A un giorno di distanza non è ancora chiaro se volesse davvero morire da martire o se qualcosa è andato storto. Il primo serio attentato jihadista nel paese di Angela Merkel è fallito. Nessun morto a parte l’attentatore, anche se ci sono quindici feriti, quattro gravi, secondo le cifre aggiornate fornite ieri da Seidl. Ma la sua minaccia di «vendicarsi dei tedeschi, rei di aver ucciso musulmani» e di fare una strage «in nome di Allah» come declama in un video trovato dagli inquirenti in uno dei suoi due cellulari, non si compie. Mohammed non mantiene la promessa del video in cui giura fedeltà ad Al-Baghdadi. L’Is, comunque, lo ha riconosciuto ieri come uno dei suoi: «È un nostro soldato», ha fatto sapere su un sito ufficiale.
Nella sua stanza del Christl Hotel, come ha riferito ieri il ministro dell’Interno bavarese Joachim Herrmann, la polizia ha trovato sostanze chimiche e materiali per costruire altre bombe. Poi, altre schede Sim per i cellulari, un rotolo di banconote da cinquanta euro. Un bottino tipico, per gli inquirenti che indagano su attentati terroristici di matrice islamica. Ma domenica sera, quando Mohammed si incammina verso il centro di Ansbach con la bomba sulle spalle per fare un massacro di tedeschi, ancora non è chiaro cosa abbia in testa.
Ansbach è una città leggendaria della Franconia. È la città dov’è morto il Kaspar Hauser, il “ragazzo selvaggio” trovato adolescente in un bosco all’inizio dell’Ottocento. Privo del dono della parola, viveva come un animale, venne educato alla civiltà e ispirò una delle opere più belle di Peter Handke. Domenica sera, Mohammed è passato anche davanti alla sua statua, con il suo zaino «gigantesco» come lo ha descritto una testimone oculare, Claudia Frosch.

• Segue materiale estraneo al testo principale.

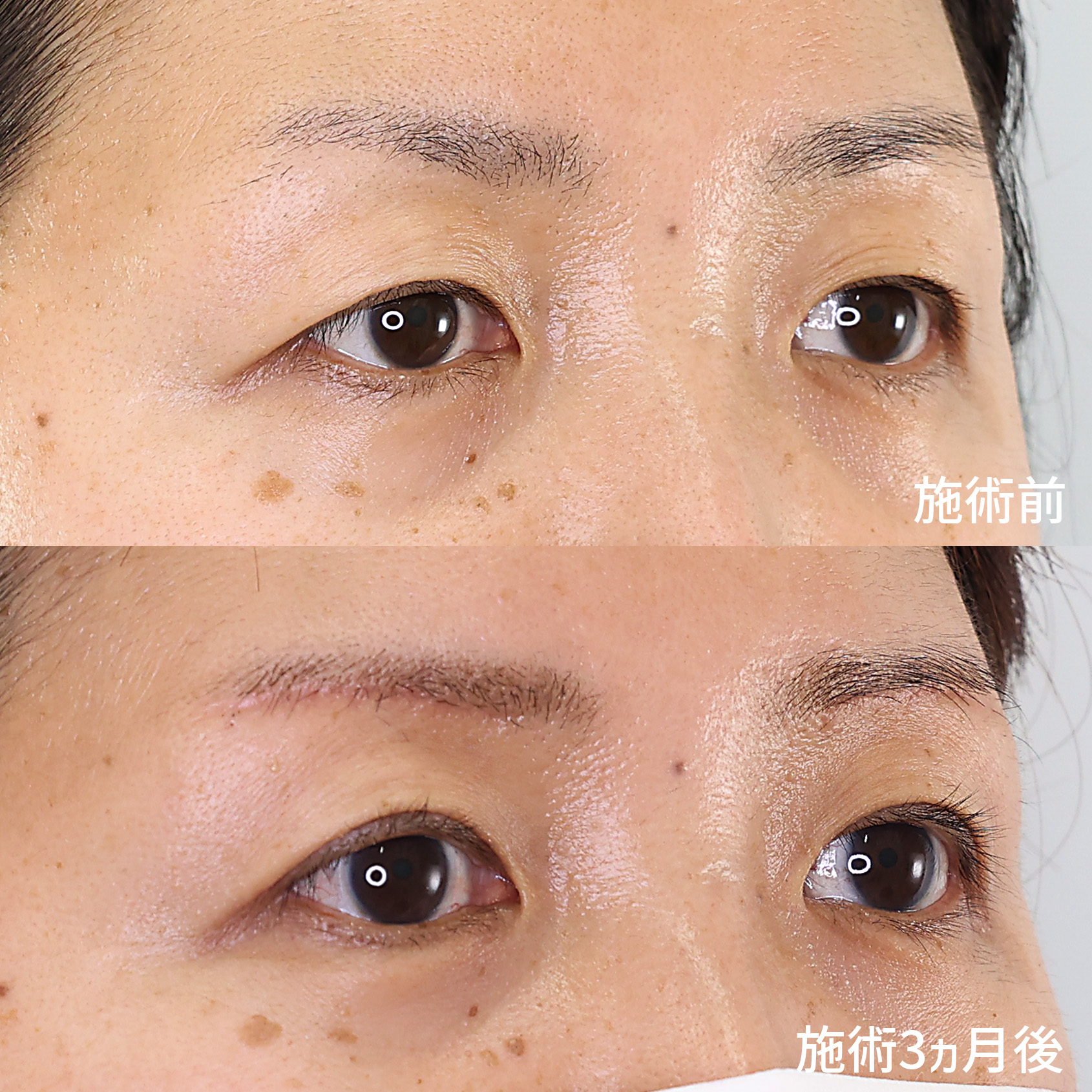 年齢と共にたるむまぶたを【眉毛下切開術】でスッキリと若々しい印象に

Pochi metri dopo la statua, il siriano ha tentato invano di entrare in una grande piazza rettangolare dove si teneva un concerto di duemila persone. Non aveva il biglietto. «Allora si è fermato davanti al bar dove stavo con i miei amici», racconta Frosch. Il bar “Eugens Weinstube”, proprio davanti all’ingresso del concerto. «Ma lo avevamo notato tutti: andava avanti e indietro, parlando al telefono ed era nervoso». Claudia decide di entrare nella vineria a prendersi la birra al momento giusto. «Appena entrata ho sentito il boato».
Ci sono molti aspetti ancora oscuri della biografia del kamikaze. Due anni fa arriva in Germania attraverso i Balcani e presenta una richiesta di asilo prima in Bulgaria, poi in Austria, infine in Germania. A dicembre del 2014 riceve la notizia che non può restare. Il motivo non ha nulla a che fare con i suoi precedenti penali per droga e aggressioni o con i suoi problemi psichiatrici. Problemi che Mohammed tenta, anzi, di far valere quando fa ricorso contro il respingimento: per due volte il siriano viene ricoverato nel 2015 per tentato suicidio. Ma controllando il database europeo delle impronte digitali Eurodac, le autorità tedesche si sono accorte che l’ex combattente ad Aleppo ha chiesto asilo in Bulgaria. E secondo le regole europee, secondo gli accordi di Dublino, è lì che deve tornare, nel primo paese che gli ha concesso uno scudo da rifugiato. Gli rifiutano lo status di profugo in Germania. E, dieci giorni fa, gli ordinano di nuovo di lasciare il paese entro trenta giorni. Un conto alla rovescia che Mohammed ha cercato di trasformare in un bagno di sangue.